Open data in the arts and humanities

Participants : Luca Foppiano, Marie Puren, Charles Riondet, Laurent Romary, Dorian Seillier.

The issue of open data has become increasingly important in various scholarly domains for it impacts on the visibility of the corresponding works, the capacity to provide evidence for reported facts and results, but also let other scholars build up new research on existing data sets. This is particularly acute in the humanities where primary sources play an essential role in providing the core material of scholarly results and for which the digital turn has offered a unique perspective of building up a wealth of structure information about human traces at large.

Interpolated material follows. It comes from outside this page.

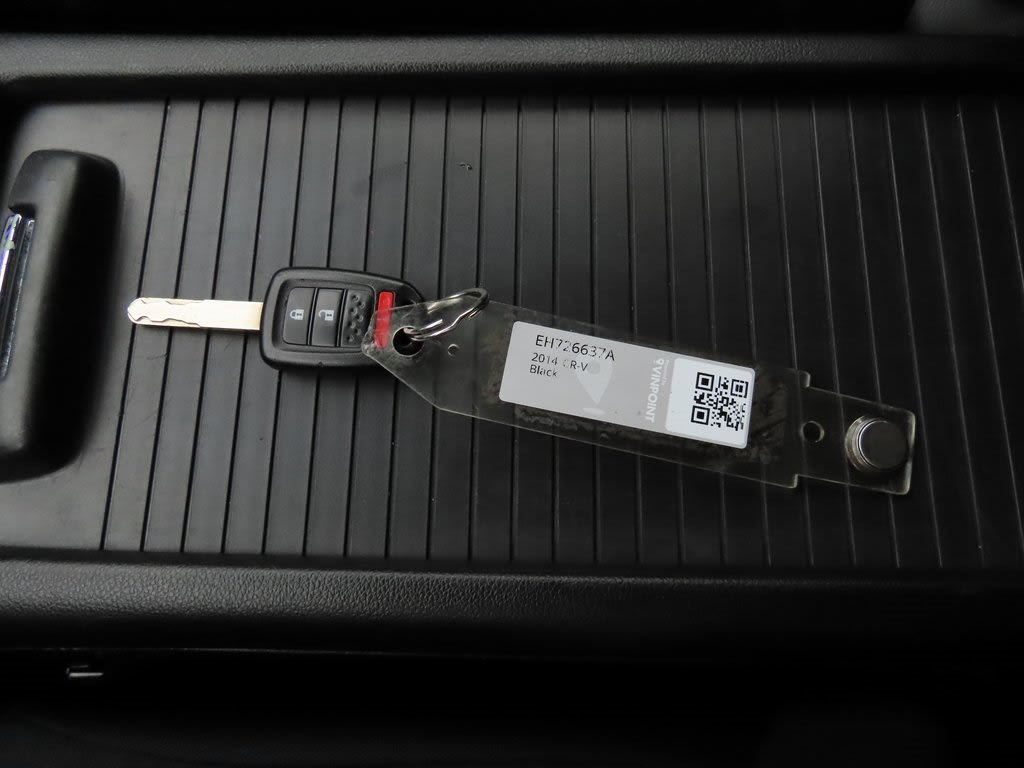 2014 Honda CR-V LX 19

Based upon the experience gained in the definition of the open access policy at Inria [42], [50], [43], we have pursued various activities leading to a better understanding of the technical, editorial and political factors that may improve the wide dissemination of scholarly data sets in the humanities:

  • Carry out a large scale questionnaire on data re-use within the partnership of the Iperion projects, which showed the lack of a coherent data management policy across cultural heritage laboratories in Europe from the points of view of documentation, archiving, licencing and re-use [49];

  • Design a concept [16], [41] to improve the general fluidity of research results in the humanities based on data quality assessment, data journals and above all the setting of of a data re-use charter between scholars and cultural research institutions in the humanities. This action, carried out in the context of the Parthenos project has started with the organisation of two high level workshops in Berlin and Paris with representatives of major cultural research institutions;

  • Coordinate as leader of WP 4 (Standards) in the Parthenos project a major overview of the needs and possible deployment of standards in the humanities based of an in depth survey of possible research scenario and associated practices in the domain of standards (Deliverable 4.1 published in October 2016). This has been accompanied by specific technical developments such as the proposition of an extension to the TEI guidelines for the representation of embedded stand-off annotations [45], [51];

  • Develop specific modules for mining digital sources in the humanities, in particular in the domain of named entity recognition as an improvement of the NERD software initially developed in the European Cendari project.